Up-cycling is nothing new…Americans have been doing it forever (and trust me 55 years seems like forever). Does anyone remember the old “antiquing” kits from the 1960’s?
I realized recently that I had about 55 years ago, what was probably my first experience with up-cycling furniture.. A friend sent me a pic of a piece of furniture her grandmother “antiqued” around then. Look closely and you’ll see little flecks of paint.
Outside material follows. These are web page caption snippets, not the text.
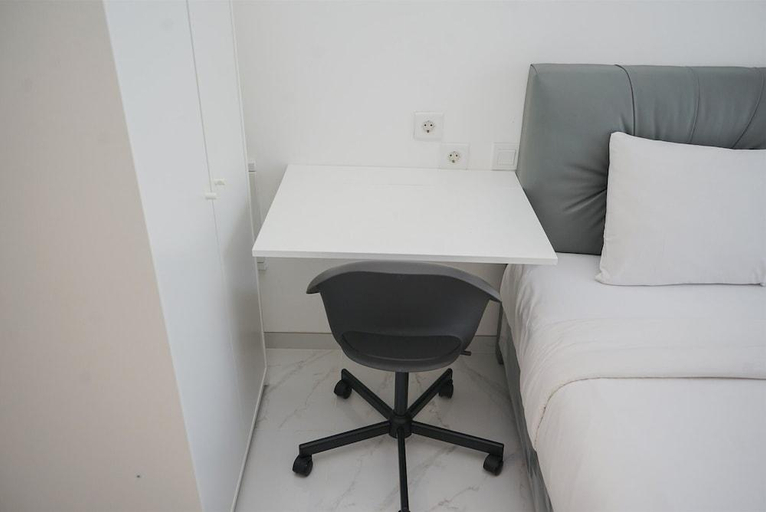 Others 2, Nice And Homey Studio Room At Sky House Bsd Apartment, South Tangerang
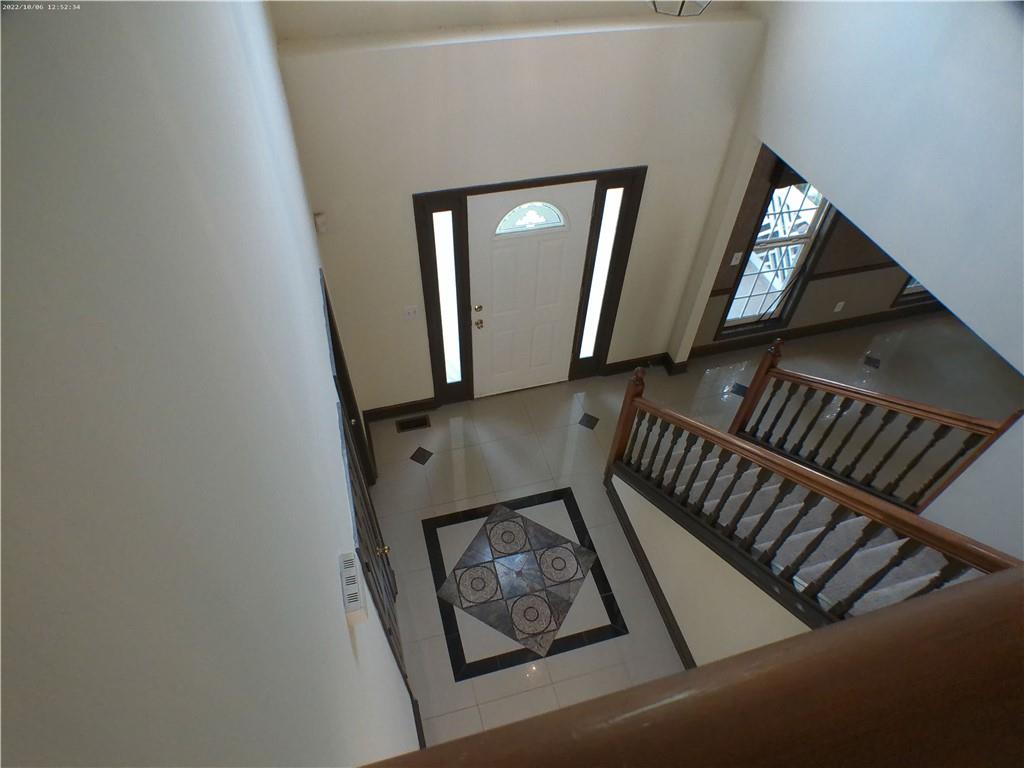 4576 Creek Forestt Trail, Lilburn, Georgia image 2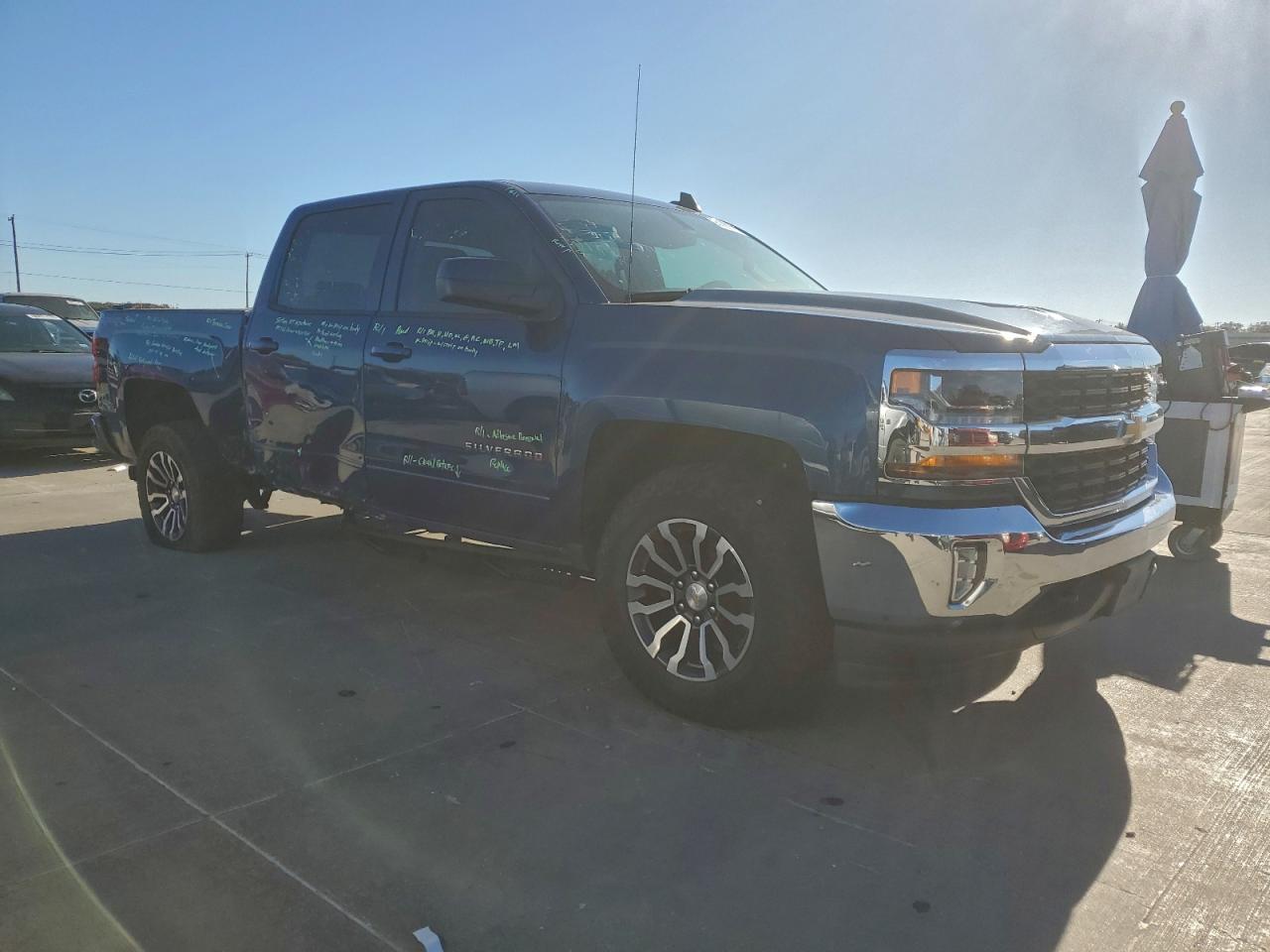 CHEVROLET SILVERADO K1500 LT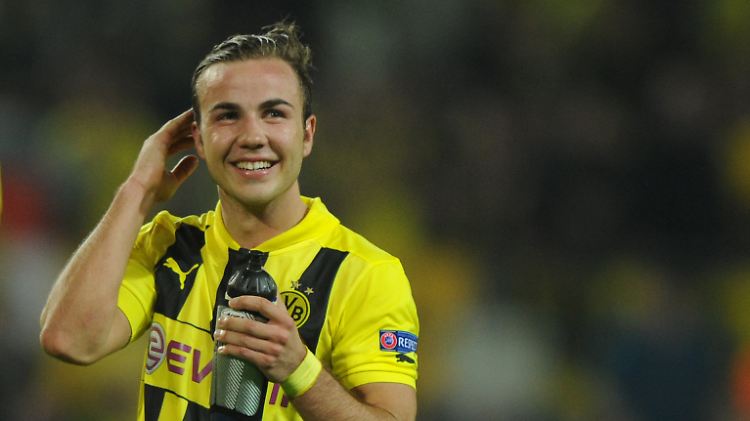 Mario Götze strahlt - mit der Borussia fegte er Real Madrid 4:1 vom Platz.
It reminded me of an old vanity my mom bought for our cabin on the river and an antiquing kit. She probably bought the kit at our local Davis Paint store. I was just a kid, but remember helping to paint this vanity one summer. I even remember where we put it to paint it. It was outside by the tire swing. Crazy things you remember. You first painted a base coat, which was off white. Then you somehow distressed it with this really, really ugly green. The final touch was putting the green on a toothbrush and flicking little dots strategically all over. I think that was to represent worm holes maybe. I just remember it looking like mold on a piece of off white furniture. That vanity would bring big bucks now. I’m sure I have a pic of it somewhere. May have to look sometime. It had drawers on both sides of a lower shelf and a mirror of some kind attached. It looked a little like this one, but not near so fancy. At that time, it would NOT have been considered an antique, just an old vanity no one wanted and I’m sure my mother paid next to nothing for it. It was for the cabin!
It made me realize that, as a family, we’ve been into painting, upcycling, and refinishing, making things old new again for a long time. Mom and Dad went on to really refinishing furniture. They did a lot of really nice things. Kathy and I are still using furniture they refinished. Kathy remembers them mixing up some kind of concoction with linseed oil and a sealer of some kind. Beautiful wooden pieces like that, I would keep as is. But give me something that needs a new life and I’m ready to paint! So, maybe I should be advertising on SharSum Paint that I have over 50 years experience upcycling furniture. : ) Dad even made, by hand, bookcases for Kathy and me. We still have these. We can’t bear to part with them…they are not attractive at all, and not very sturdy, but he lovingly fashioned them for us out of the lumber from the outhouse when he bought the rights to tear down the cabin and the outhouse from the Corps of Engineers. : ) Yes, he was quite the jokester.